3. Feature value descriptions

3.1 String

Strings are to be marked by quotation marks, e.g. "NN". To function as an actual TIGERSearch query, we must use the string as the value in a feature-value pair, surrounded by brackets:

[pos="NN"]

Characters which are TIGER reserved symbols must be preceded by the \-symbol (cf. following query). TIGER reserved symbols are listed in section 12.

[word="\."]

3.2 Types

Constant-denoting type symbols can serve as descriptions of feature values (cf. section 8). If a feature value symbol comes without quotes, it is interpreted as a type name:

[pos=proform]

3.3 Boolean expressions

Descriptions of feature values may be complex in the sense that type symbols and strings can be combined as Boolean expressions. The operators are ! (negation), & (conjunction), and | (disjunction).

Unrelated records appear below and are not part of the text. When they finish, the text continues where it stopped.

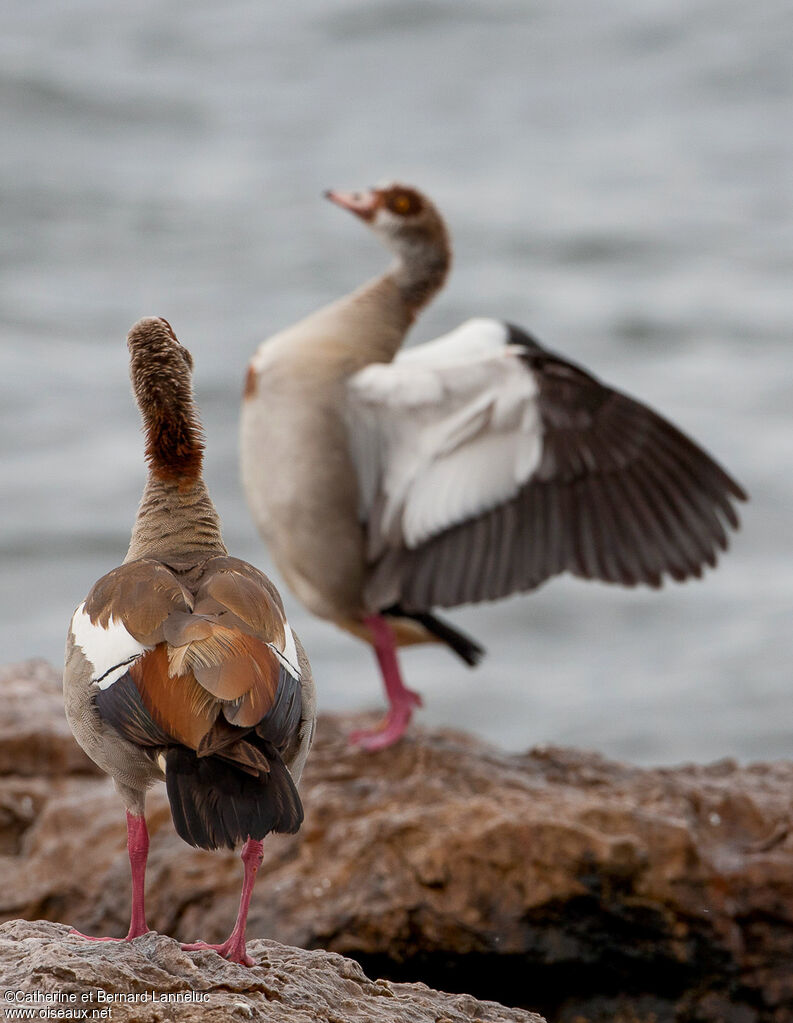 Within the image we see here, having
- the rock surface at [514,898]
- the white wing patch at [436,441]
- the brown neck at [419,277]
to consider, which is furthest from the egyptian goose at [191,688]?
the brown neck at [419,277]

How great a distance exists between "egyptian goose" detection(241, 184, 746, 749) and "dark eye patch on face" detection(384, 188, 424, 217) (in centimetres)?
113

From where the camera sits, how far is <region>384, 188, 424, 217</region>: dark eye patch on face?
795 cm

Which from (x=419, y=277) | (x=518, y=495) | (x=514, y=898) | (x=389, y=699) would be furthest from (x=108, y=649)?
(x=419, y=277)

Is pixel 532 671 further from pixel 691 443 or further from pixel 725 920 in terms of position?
pixel 725 920

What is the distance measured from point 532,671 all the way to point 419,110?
37.5ft

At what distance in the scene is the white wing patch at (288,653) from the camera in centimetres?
312

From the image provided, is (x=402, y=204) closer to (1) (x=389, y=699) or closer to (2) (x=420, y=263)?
(2) (x=420, y=263)

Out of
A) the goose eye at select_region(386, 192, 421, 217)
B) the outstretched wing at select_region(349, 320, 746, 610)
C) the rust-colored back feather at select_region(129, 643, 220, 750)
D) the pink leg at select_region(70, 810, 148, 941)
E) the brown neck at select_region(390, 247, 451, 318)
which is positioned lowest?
the pink leg at select_region(70, 810, 148, 941)

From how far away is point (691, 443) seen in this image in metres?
6.87

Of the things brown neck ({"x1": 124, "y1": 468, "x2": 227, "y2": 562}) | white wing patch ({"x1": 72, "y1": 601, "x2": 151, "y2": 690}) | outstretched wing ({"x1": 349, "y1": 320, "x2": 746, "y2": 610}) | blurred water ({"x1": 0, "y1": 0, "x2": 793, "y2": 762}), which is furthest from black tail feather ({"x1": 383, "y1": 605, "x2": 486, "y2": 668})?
white wing patch ({"x1": 72, "y1": 601, "x2": 151, "y2": 690})

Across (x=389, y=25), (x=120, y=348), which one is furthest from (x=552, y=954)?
(x=389, y=25)

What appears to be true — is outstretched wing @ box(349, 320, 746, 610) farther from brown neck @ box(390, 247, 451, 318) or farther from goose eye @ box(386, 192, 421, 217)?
goose eye @ box(386, 192, 421, 217)

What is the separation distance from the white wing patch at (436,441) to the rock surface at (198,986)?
3562 mm

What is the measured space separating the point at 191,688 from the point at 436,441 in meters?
3.96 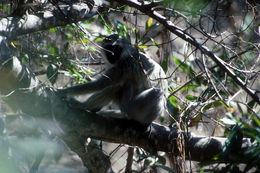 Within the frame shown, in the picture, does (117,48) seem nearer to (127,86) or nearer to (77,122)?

Here are uses of a Boolean expressions as a feature value descriptions:

[pos = ("NN" | "NE")]
[pos = ! ("NN" | "NE") ]

By the way, the query above can be written as:

[pos != ("NN" | "NE") ]

Please note: Boolean expressions for feature values which involve binary operators (conjunction and disjunction) must always be put into parentheses. See the example above where the outer parentheses cannot be omitted!

The operator precedence is defined as follows: !, &, |. This definition is illustrated by the following examples:

Example Interpretation
! "NN" & "NE" (!"NN") & ("NE")
"NN" & "NE" | "PREL" (NN"&"NE") | ("PREL")

3.4 Variables

A Boolean feature value description can be refered to by a variable (in the example: #c):

[pos= #c:("NN"|"NE")]

A variable name has to start with a #-symbol. See subsection 7.2 for more meaningful applications of variables.

3.5 Regular expressions

One can also use regular expressions as feature value descriptions. Regular expressions are marked by enclosing slashes /. The syntax of regular expressions in TIGER is compatible with the syntax of regular expressions in Perl 5.003 (cf. [WallEtAl1996]). In our implementation, the following expression types are available:

Single characters

a the character a
. any character

Character classes

[ace] any of the characters a, c, e
[a-z] any lower-case letter
[^a-f] any character except a to f

Special characters

\s whitespace (space, tab, return)
\d digit (0-9)

Alternatives

(abc|de) the string abc, or de

Quantifiers

(ab)* no or any number of ab (empty string, ab, abab, ...)
(ab)+ at least one ab (ab, abab, ...)
(ab)? no or exactly one ab
(ab){m,n} from m to n occurences of ab

Grouping

ab+ a followed by at least one b (a, ab, abb, ...)
(ab)+ at least one ab (ab, abab, ...)

Please note: In our notation /x/ means /^x$/ in the Perl notation.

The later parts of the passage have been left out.